COLORADO SPRINGS, Colo. (AP) — The suspect accused of entering a Colorado gay nightclub clad in body armor and opening fire with an AR-15-style rifle, killing five people and wounding 17 others, was charged by prosecutors Tuesday with 305 criminal counts including hate crimes and murder.
The counts against Anderson Lee Aldrich include 48 hate crime charges, one for each person known to have been in the club at the time.
Investigators say Aldrich, 22, entered Club Q, a sanctuary for the LGBTQ community in the mostly conservative city of Colorado Springs, just before midnight on Nov. 19 and began shooting during a drag queen’s birthday celebration. The killing stopped after patrons wrestled the suspect to the ground, beating Aldrich into submission, they said.
Aldrich sat upright during Tuesday’s hearing and appeared alert. In an earlier court appearance just a few days after the shooting, the defendant was slumped over — head and face covered with bruises — and had to be prompted by attorneys to respond to questions from a judge.
The shooting came more than a year after Aldrich was arrested following a standoff with SWAT teams after authorities say Aldrich threatened to stockpile guns, ammo and body armor to become the “next mass killer.” But charges were dropped, the record is sealed and prosecutors say they can’t legally talk about what happened.
Of the 48 hate crime charges, 27 counts involve injuries and 21 involve people fearing injury or property damage. In addition to those killed or wounded by gunfire, police have said five people had non-gunshot injuries and other victims had “no visible injuries.”

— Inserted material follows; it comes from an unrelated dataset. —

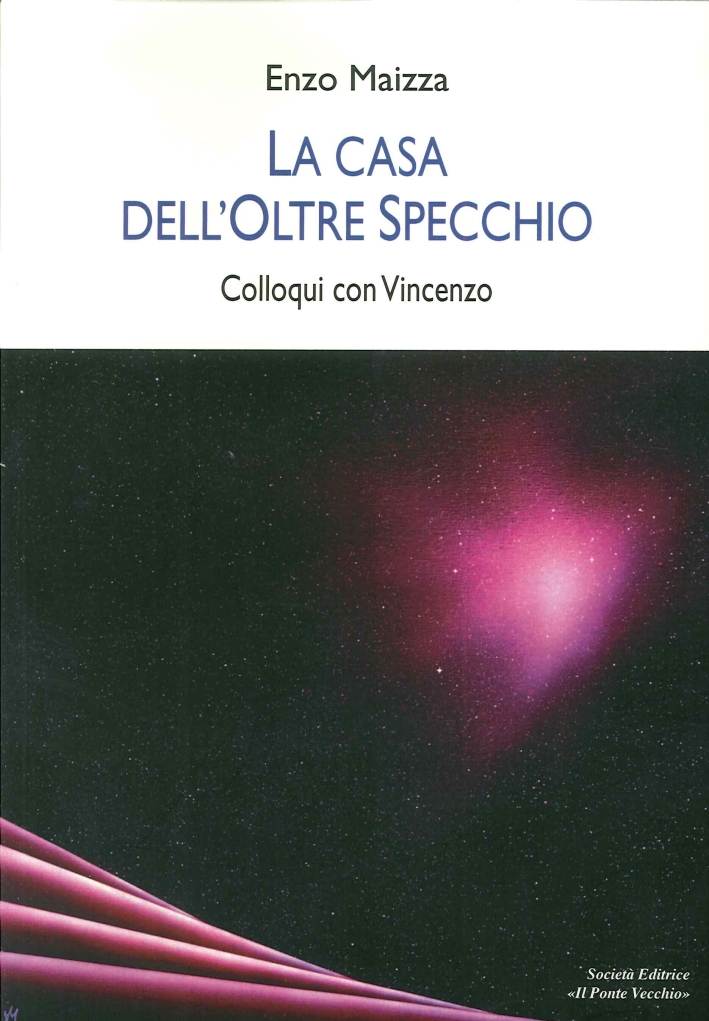 La Casa dell'Oltre Specchio. Colloqui con Vincenzo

Club Q’s co-owner, Matthew Haynes, said the filing of 305 charges “graphically illustrates how heinous and horrific this attack was on our community.”
To Haynes, dozens of letters on his desk filled with negative comments, some saying the shooter was doing God’s work, reinforces his concerns about those he said propagate hate.
“Those feelings are still not condoned by the far-right, the leaders are not unanimously standing up in this country and saying, ‘Hey, no hate, this is too much,’” said Haynes. “How many more victims does there have to be?”
Aldrich had been held on hate crime charges following the attack but prosecutors had said previously they weren’t sure whether those counts would stick because they needed to assess if there was adequate evidence to show it was a bias motivated crime.
District Attorney Michael Allen had noted that murder charges would carry the harshest penalty — likely life in prison — but also said it was important to show the community that bias motivated crimes are not tolerated if evidence supports the charge.
At a news conference after the hearing, Allen declined to discuss what evidence prosecutors found to back the hate crimes counts. However, he said a recent change in Colorado law allows offenders to be charged with hate crimes even if they are only partially motivated by bias.
“If it was not for that change we would probably not be able to charge it in this case,” he said.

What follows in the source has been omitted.